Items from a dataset
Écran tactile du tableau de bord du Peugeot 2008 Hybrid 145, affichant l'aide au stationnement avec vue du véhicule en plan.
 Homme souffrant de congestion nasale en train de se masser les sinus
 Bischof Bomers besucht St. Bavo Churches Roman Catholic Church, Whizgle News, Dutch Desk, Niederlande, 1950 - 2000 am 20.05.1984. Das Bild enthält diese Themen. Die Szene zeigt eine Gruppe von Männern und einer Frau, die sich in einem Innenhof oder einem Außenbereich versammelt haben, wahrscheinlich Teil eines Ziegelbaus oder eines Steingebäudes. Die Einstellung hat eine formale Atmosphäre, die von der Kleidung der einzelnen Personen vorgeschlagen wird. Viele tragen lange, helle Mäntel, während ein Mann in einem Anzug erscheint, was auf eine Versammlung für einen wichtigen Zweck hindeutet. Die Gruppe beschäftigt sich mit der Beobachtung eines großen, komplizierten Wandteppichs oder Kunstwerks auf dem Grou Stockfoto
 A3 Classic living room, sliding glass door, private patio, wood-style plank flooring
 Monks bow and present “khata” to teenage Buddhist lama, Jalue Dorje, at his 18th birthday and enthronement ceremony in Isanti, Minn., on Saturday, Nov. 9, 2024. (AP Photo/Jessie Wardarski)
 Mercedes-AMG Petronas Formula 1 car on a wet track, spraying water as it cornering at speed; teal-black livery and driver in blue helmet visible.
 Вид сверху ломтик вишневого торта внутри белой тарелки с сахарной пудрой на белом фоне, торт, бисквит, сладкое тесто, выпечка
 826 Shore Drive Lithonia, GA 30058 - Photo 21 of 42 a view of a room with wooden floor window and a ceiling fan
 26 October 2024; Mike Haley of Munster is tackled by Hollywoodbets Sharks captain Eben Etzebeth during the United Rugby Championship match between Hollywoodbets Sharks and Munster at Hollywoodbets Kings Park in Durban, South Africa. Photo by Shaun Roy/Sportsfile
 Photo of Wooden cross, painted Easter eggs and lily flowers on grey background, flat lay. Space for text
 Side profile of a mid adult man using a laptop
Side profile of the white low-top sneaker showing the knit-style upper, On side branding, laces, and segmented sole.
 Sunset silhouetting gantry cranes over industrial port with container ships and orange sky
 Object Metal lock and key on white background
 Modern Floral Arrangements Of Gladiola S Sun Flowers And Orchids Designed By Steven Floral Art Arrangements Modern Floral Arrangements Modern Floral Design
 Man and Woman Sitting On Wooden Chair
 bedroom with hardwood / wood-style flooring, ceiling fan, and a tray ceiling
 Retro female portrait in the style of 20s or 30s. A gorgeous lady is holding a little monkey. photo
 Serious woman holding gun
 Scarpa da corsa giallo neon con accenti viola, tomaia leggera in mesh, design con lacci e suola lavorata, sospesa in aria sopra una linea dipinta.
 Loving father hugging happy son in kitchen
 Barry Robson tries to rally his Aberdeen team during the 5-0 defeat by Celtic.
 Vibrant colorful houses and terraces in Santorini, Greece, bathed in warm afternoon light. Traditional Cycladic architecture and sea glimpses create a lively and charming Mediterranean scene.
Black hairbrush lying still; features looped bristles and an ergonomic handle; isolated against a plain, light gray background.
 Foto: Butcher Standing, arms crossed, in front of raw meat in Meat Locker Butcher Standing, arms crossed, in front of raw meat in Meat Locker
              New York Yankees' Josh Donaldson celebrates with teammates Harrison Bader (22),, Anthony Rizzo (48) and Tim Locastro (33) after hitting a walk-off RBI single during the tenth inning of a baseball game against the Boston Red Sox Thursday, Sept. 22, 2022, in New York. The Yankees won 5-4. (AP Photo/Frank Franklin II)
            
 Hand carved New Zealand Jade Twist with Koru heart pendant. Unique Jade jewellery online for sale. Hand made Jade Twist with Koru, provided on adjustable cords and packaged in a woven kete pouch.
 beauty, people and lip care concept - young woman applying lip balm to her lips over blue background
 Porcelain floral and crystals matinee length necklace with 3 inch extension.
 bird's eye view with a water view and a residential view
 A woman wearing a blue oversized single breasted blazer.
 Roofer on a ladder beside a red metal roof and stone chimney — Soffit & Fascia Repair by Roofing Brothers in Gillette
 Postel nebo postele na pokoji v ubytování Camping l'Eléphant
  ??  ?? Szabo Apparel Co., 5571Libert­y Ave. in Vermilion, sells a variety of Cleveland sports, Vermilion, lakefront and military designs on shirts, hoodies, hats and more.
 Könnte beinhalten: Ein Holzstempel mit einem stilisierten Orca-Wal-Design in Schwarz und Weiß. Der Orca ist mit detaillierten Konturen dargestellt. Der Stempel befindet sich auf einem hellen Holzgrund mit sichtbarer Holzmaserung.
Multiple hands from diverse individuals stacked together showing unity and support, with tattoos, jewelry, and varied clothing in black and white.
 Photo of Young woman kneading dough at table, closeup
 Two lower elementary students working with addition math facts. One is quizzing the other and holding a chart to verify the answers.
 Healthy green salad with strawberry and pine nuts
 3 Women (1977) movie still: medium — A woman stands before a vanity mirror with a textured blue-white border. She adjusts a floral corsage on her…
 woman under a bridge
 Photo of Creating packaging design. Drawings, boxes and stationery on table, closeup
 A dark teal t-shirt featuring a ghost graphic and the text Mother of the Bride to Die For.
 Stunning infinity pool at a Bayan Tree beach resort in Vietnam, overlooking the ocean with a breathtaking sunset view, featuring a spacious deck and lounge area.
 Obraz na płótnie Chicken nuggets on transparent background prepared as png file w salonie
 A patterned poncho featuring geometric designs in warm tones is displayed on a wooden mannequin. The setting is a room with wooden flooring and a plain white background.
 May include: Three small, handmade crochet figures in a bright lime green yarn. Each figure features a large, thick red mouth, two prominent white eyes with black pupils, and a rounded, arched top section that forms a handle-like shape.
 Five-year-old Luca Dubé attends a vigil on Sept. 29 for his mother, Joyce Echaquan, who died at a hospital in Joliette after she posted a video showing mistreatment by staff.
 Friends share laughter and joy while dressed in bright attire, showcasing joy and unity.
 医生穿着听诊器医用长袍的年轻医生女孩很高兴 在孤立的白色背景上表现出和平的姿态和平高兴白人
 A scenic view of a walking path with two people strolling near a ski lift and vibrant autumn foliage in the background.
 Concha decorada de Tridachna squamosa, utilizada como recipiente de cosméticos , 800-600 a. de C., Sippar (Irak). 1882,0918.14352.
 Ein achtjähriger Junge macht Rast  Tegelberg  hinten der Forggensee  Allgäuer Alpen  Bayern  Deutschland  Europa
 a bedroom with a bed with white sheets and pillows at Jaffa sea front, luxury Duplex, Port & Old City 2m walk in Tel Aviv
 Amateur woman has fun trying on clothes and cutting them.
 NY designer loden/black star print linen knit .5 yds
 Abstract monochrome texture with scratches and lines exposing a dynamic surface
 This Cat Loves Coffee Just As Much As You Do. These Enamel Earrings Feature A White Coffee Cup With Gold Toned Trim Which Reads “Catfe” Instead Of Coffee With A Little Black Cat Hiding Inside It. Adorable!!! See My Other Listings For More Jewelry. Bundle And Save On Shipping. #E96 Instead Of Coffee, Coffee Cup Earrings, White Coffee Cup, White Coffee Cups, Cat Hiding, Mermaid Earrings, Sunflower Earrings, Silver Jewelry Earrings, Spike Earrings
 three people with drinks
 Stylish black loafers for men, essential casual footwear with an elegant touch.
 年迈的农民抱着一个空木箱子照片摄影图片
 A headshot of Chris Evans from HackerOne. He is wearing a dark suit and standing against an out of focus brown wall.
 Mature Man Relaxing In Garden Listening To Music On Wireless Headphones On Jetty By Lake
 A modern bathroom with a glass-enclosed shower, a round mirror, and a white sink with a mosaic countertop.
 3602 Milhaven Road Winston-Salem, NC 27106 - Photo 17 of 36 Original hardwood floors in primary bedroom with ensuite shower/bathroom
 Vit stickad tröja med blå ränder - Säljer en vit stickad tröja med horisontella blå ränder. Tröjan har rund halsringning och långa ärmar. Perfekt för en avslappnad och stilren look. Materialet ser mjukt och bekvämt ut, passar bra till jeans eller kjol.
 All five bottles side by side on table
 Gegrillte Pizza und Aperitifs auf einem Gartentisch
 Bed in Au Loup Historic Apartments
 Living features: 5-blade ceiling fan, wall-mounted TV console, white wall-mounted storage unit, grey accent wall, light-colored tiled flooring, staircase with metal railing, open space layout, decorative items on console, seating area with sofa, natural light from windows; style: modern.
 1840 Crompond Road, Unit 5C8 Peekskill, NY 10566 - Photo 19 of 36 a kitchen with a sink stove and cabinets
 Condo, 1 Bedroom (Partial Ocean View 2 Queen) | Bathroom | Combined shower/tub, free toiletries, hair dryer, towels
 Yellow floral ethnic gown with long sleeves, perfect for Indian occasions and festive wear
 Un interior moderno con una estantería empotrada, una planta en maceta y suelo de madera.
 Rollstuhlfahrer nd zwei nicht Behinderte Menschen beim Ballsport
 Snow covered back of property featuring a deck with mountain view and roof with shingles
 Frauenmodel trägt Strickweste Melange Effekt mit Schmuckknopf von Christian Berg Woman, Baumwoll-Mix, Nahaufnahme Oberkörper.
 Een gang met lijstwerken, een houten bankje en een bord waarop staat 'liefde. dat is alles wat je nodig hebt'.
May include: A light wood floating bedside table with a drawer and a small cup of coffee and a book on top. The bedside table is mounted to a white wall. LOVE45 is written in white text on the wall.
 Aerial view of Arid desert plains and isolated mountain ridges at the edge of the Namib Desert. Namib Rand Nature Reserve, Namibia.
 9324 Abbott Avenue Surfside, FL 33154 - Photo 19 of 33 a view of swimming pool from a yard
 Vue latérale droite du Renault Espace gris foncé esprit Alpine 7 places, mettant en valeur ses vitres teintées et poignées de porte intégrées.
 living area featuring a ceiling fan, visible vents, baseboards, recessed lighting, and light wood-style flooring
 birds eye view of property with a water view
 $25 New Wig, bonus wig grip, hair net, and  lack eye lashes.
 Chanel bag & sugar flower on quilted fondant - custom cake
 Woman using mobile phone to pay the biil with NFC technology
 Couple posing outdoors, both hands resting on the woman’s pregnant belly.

**WHAT THIS TASK INVOLVES**
Pull each line containing "Road" from the records.

**RESPONSE TO THE EXERCISE**
 3602 Milhaven Road Winston-Salem, NC 27106 - Photo 17 of 36 Original hardwood floors in primary bedroom with ensuite shower/bathroom
 1840 Crompond Road, Unit 5C8 Peekskill, NY 10566 - Photo 19 of 36 a kitchen with a sink stove and cabinets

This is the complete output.